In fact it’s not; they would at least think they were being rational, but surely not even the promoters of this weird rush to create Big Dumb Objects all over the shop can believe this.
On the one hand, you’ve got the Tories, who are trying to convince themselves that they can find £40 billion, before inevitable cost overruns, to create a operationally crippled airport 53 miles from central London and only 101 miles from the nearest point of Dutch territory, dependent for land transport on spare capacity on the CTRL and on the 6 (I think) Crossrail and 2 LTS train paths an hour slated for the Southend/Shoeburyness route, and for road access on pure handwaving.

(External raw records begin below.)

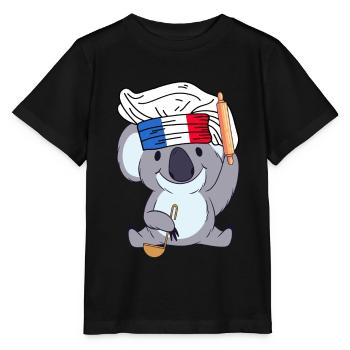 Frankreich Koch Koala Bäcker Paris Cuisine Chef - Stanley/Stella Kinder T-Shirt MINI CREATOR  - Schwarz - Vorne - Mikhail (115cm)
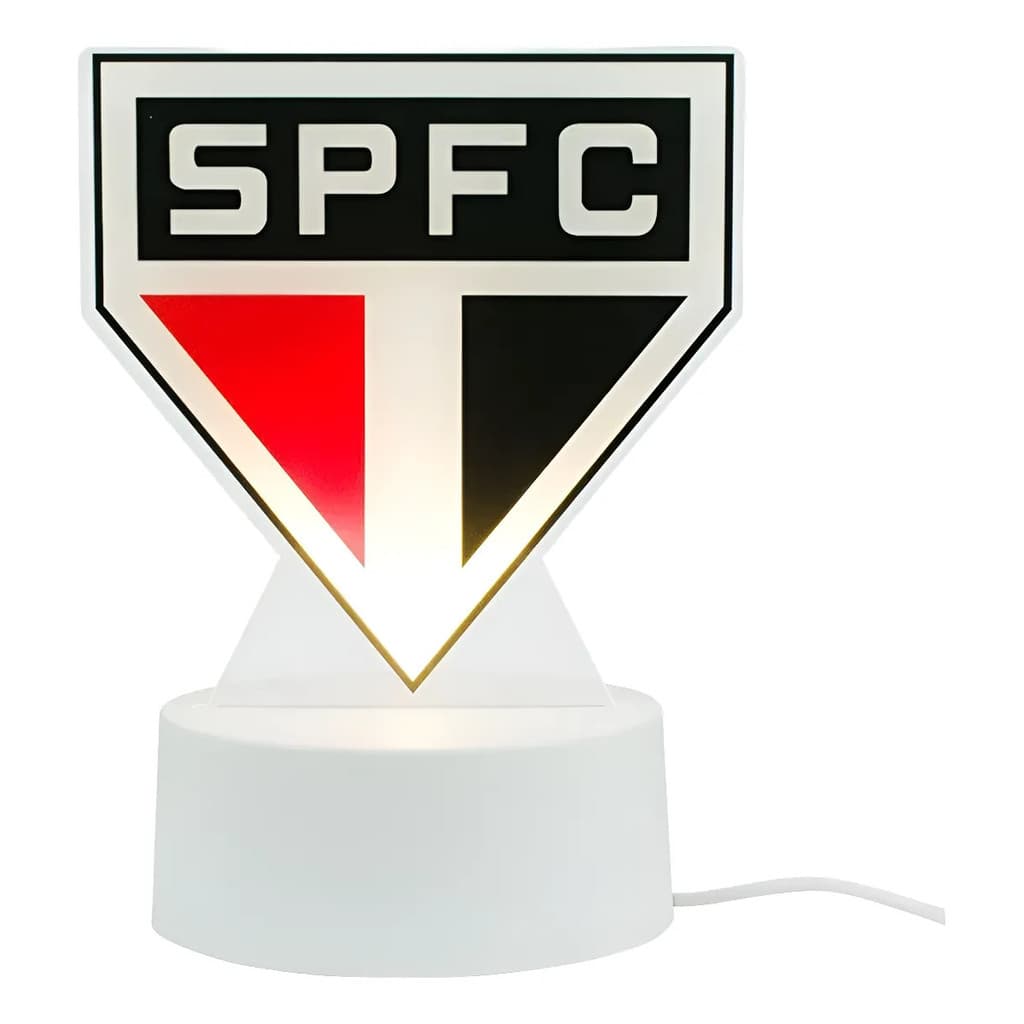 Luminária Escudo Time 18cm Usb Acrílico Transparente - Spfc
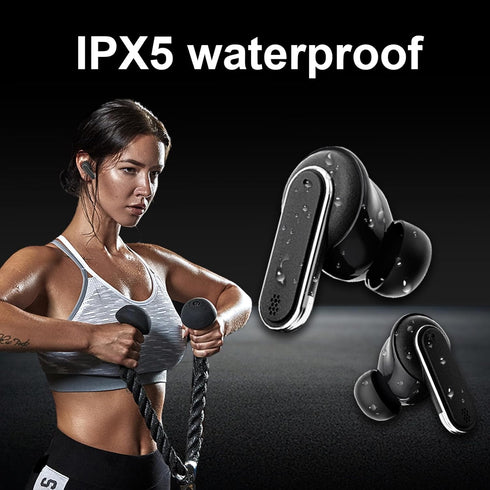 Touch Screen Wireless Earbuds, ANC ENC Bluetooth Headset, IPX56 Waterproof, for iOS/Android Business Use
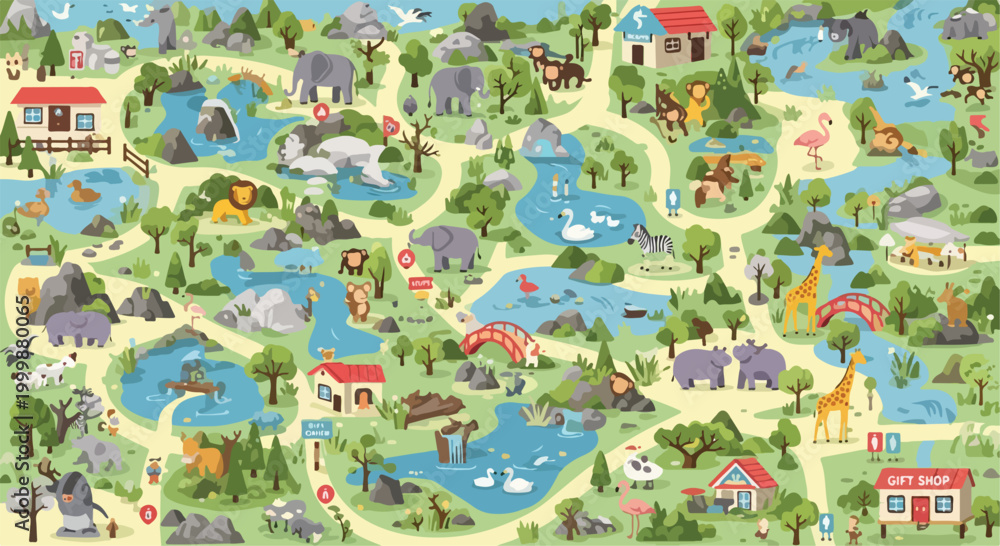 Fototapeta premium Cartoon Zoo Map Vector Illustration, Wildlife Safari Park with Exotic Animals and Enclosures, Educational Nature Reserve Landscape for Children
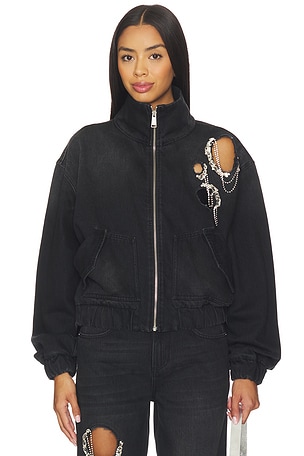 Crystal Chain Cutout Bomber Jacket AREA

BorisWatch deserves some kind of medal for their reporting here; they successfully derived the actual location of the project by following Boris’s boat trip in real time on ShipAIS, a ship-tracking ham radio site, and then prepared a handy Google Map, which is where I got the measurements from.
How often, I wonder, would Borisport be fogged in? Even with CATIIIA/B autoland it’s a serious constraint, and enough of it will stop ground operations even if you can still get in. And then there’s all those heat-seeking gulls to worry about; they hunt in packs! The air traffic control issues are pretty gnarly, too – departures conflicting with arrivals into LHR, LCY and LGW.

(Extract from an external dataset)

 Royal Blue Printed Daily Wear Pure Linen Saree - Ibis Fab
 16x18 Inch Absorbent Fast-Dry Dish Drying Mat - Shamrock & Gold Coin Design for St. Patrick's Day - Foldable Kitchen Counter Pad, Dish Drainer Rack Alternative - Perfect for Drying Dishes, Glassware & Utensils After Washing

Further, they want to be seen as “green” whilst also creating another Heathrow-and-a-half. But why? What is it with this obsession with airports in the Thames estuary? As always, the key to the present lies in the past. Here’s the Hansard transcript of the debate on the Maplin Development Bill back in 1973. Three things come to mind – first of all, weren’t MPs great back then? Of course, there is the usual parish pumpery, Bufton Tuftonism and tiresome faff, but there’s also a lot of well-informed intelligent debate, and in the end the government lost!

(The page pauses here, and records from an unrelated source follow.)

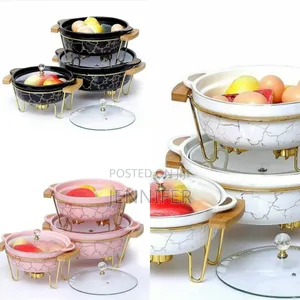 3pcs Ceramic Food Warmer Chafing Dish Casseroles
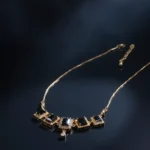 Elegant Gold Plated Necklace with Black Onyx Style Stones & Cubic Zirconia - Image 6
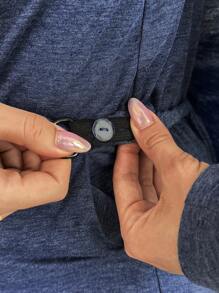 SHEIN 2 件套孕妇纯色吊带背心长袖上衣，秋冬季 - 藏蓝色 - 查看 4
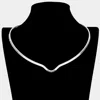 Fashnzfab V Shaped Metal Open Choker Necklace In Silver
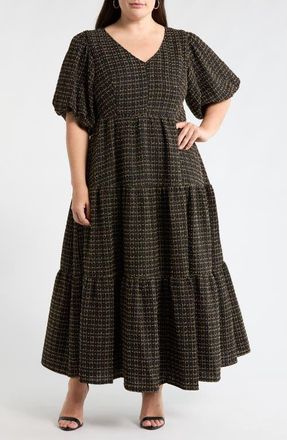 Sugarlips Carrol Zaylee Tweed Tillie Maxi Dress in Black at Nordstrom, Size 2X
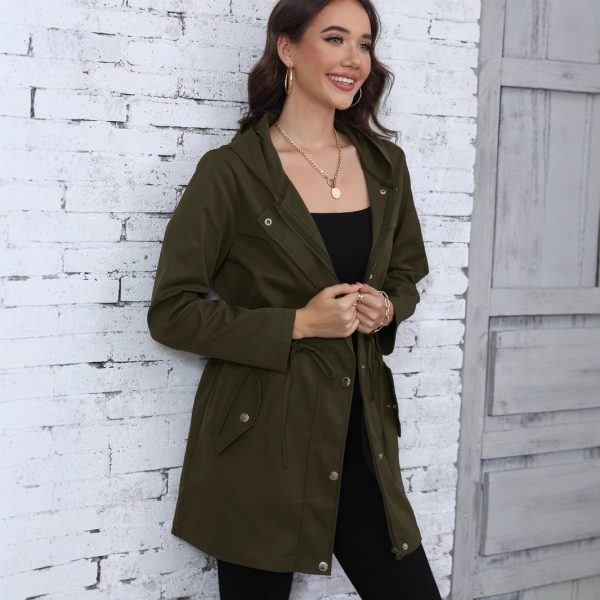 Spring Autumn Women's Anorak Coat - Mid-Length Waist-Defining Jacket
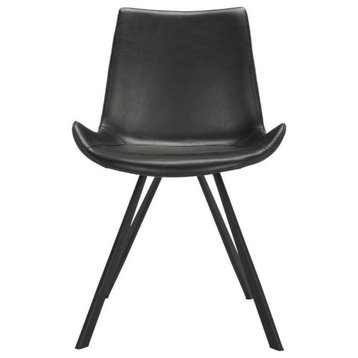 Emelda Mid-Century Dining Chair, Set of 2, Black/Black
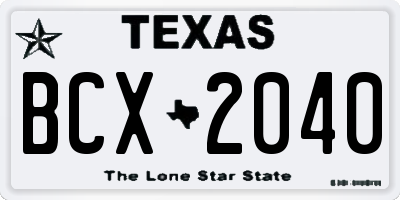 TX license plate BCX2040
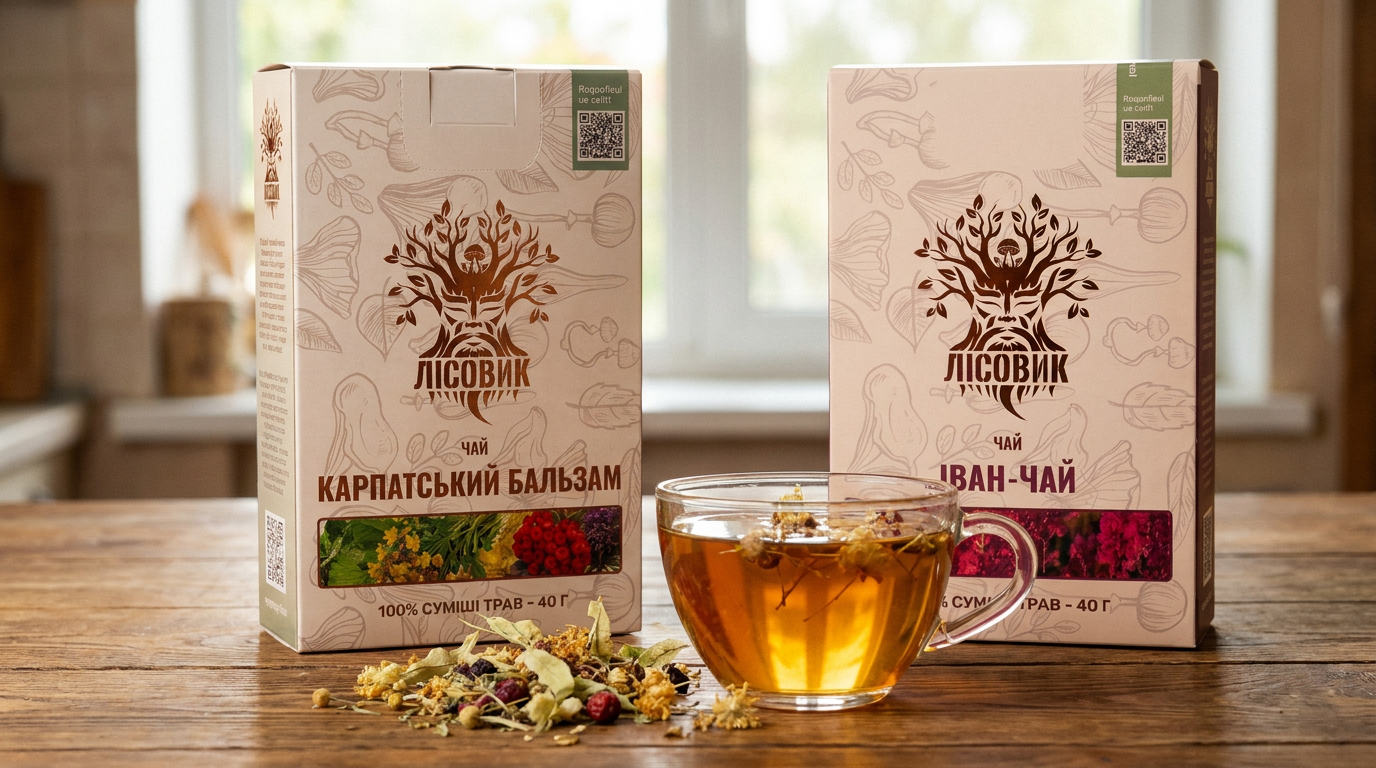 Коробки карпатского травяного чая Лисовик и заваренный напиток в чашке на деревянном столе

Second, all the problems are still the same. This is because they are mostly what the Soviet general staff called the permanently-operating factors – terrain, human terrain, infrastructure. Third, there’s a fascinating bit of the social history of ideas here. We join the debate with Douglas Jay MP on his feet, following up an excellent showing (or shoeing) from Tony Crosland…
Mr. Jay: What was the pressure exerted on the Roskill Commission to omit Stansted from its short list? The Times told us on 4th March 1969 that its inclusion would have been “emotive”. At the same date the Financial Times said that its omission was “diplomatic”. The British Airports Authority and the Board of Trade assumed that it was bound to be on the short list. The British Airports Authority was even told that it need not ask the commission to put it on because it was certain to be included. Yet it was omitted, and the commission’s work was handicapped from the start. 700 Thus handicapped, in my opinion the Roskill Commission did its very best. Faced with the resulting choice between Foulness and a South Midlands site for which there is a good deal to be said, it came down decisively against Foulness and in favour of Cublington.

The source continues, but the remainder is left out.